Bracing for the headwinds of global innovation

Guest Contributor
September 13, 2023

Does Canada have a future? The answer, is almost certainly “yes”. But the real question is, what kind of future? This is the question raised by Peter Nicholson, founding president of the Council of Canadian Academies, in a new paper published by the University of Saskatchewan’s Johnson-Shoyama School of Public Policy. In it, Nicholson argues that Canada has been an innovation under-performer for many years because business did not need to innovate that much. For many years we could thrive comfortably without fearing intense competition, a key driver of innovation. But those days are over.

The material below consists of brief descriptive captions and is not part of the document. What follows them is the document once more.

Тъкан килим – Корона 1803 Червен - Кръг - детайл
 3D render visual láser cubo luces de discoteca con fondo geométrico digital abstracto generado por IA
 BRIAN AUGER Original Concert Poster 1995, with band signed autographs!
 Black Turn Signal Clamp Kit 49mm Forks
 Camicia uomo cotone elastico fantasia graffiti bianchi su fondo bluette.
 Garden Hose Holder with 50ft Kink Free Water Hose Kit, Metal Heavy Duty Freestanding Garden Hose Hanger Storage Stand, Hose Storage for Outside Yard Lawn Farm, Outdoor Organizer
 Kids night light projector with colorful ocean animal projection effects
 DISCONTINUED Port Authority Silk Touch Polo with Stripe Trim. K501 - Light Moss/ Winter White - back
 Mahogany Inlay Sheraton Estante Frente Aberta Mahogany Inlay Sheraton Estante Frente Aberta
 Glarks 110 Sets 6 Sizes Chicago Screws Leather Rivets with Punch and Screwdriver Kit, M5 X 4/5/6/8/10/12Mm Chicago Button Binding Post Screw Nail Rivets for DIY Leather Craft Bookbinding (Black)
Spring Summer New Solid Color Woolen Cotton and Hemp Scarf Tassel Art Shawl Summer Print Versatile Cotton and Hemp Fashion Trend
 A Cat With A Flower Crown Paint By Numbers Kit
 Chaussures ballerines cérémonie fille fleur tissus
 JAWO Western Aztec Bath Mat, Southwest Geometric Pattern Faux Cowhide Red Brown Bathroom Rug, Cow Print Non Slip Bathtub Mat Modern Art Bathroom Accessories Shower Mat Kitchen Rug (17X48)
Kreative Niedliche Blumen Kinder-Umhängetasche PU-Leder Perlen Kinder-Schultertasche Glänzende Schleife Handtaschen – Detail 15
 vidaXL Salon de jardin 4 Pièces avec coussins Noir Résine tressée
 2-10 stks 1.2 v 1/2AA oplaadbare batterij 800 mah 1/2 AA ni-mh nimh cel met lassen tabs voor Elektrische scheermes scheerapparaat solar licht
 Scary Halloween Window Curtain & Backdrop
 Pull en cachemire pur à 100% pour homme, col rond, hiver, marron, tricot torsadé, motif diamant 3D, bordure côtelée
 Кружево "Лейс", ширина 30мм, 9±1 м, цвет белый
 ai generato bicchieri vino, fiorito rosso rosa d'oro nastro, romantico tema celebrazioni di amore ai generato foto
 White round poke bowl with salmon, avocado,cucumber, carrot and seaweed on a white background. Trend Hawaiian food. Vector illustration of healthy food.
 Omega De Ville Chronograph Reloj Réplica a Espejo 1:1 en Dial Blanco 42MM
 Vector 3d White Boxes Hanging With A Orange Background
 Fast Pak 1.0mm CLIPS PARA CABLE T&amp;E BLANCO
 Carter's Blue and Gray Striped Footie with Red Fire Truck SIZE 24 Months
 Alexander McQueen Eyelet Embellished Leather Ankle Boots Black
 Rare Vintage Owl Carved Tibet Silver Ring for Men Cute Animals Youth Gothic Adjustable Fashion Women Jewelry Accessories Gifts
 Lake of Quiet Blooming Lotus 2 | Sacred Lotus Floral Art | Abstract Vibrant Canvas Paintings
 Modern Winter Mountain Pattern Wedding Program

Canada was able to thrive by extracting and exporting raw materials and standard manufactured goods produced by foreign-owned branch plants. But this gave the country a distorted economy that could prosper without being strongly innovative.

“It is not too much an oversimplification to say that Canada produces resource commodities and a range of fairly standard goods and services in exchange for ‘innovation’ in the form of advanced capital goods, technology-intensive manufactured products, sophisticated services and the technology and know-how that come bundled with branch plants,” Nicholson contends.

But now we face four headwinds for which we are ill-prepared: fragmentation of the global economy; far-reaching technological change; environmental sustainability and climate change; and population aging. All of these threaten the comfort zone that delivered economic growth in the past, though in recent years that growth has been sustained by higher levels of immigration while on a per capita basis, growth has been declining.

As the world moves to net zero emissions, for example, with a sharp fall in the demand for fossil fuels, what will Canada do to replace the growth and jobs that come from oil and gas exports? In 2022 oil and gas accounted for 26 percent of merchandise exports. “Together, these four trends appear destined to profoundly disrupt Canada’s low-innovation equilibrium,” Nicholson warns.

So how do we shift to an innovation mindset? Fear will play a role — businesses will have little choice but to become more innovative, if they are to survive. But public policy is critical as well — carbon pricing can create a powerful incentive for innovation; but will we develop the necessary innovations, or just import them?

Even more important, we need a new framework of understanding on innovation. In Canada, this challenge is being addressed to a large degree by the Council of Canadian Innovators, chaired by Jim Balsillie. It argues for a new nation-building strategy, where public and private partners combine to do big things, as we did in the past.

This also means dealing with a new economy where, the Council says, “wealth and power are derived from control of data and ownership of valuable intellectual property. IP and data are now the world’s most valuable business and national security assets.” The US effort to undermine China’s advance in technology, for example, derives in large part from its control of valuable IP which it can withhold from China.

This means that Canada must make ownership and control of IP and ownership and control of data much more important if we are to build new industries. This is central to the intangibles economy, based on strengths in research and development, ownership of IP, business organization, talent development, and branding and marketing. Countries, and businesses, that are rich in intangibles are also more likely to be at the frontier of investments in tangible assets, with industries producing new or improved products.

This also means that more must be done to scale up Canadian-owned and controlled businesses with their own IP and other intangible strengths. Yet we see a steady succession of Canadian-owned tech companies being acquired by foreign multinationals, instead of growing to world scale. The most recent example is the takeover of ClearPath Robotics in Waterloo by US-based Rockwell. We are creating seed corn to strengthen foreign multinationals, rather than building our own world-scale tech businesses. Likewise, much of our talent and university-based research is being poached by foreign corporations, operating R&D branch plants here to produce IP for the parent enterprises.

This means that when we want to embark on next-generation technologies, there are few Canadian companies with the scale to provide leadership. Industry Minister Francois-Philippe Champagne has announced plans for a $150 million Semiconductor Challenge Callout, designed, he says, to make Canada “a strategic global leader in the semiconductor industry.” But what will be the role for Canadian companies, since they are small? Will this be led by AMD and IBM? Will it be Canadian or branch plant?

This is a critical time for Canada. Nicholson and Balsillie, in different ways, have highlighted the threats and the opportunities? But is Ottawa listening?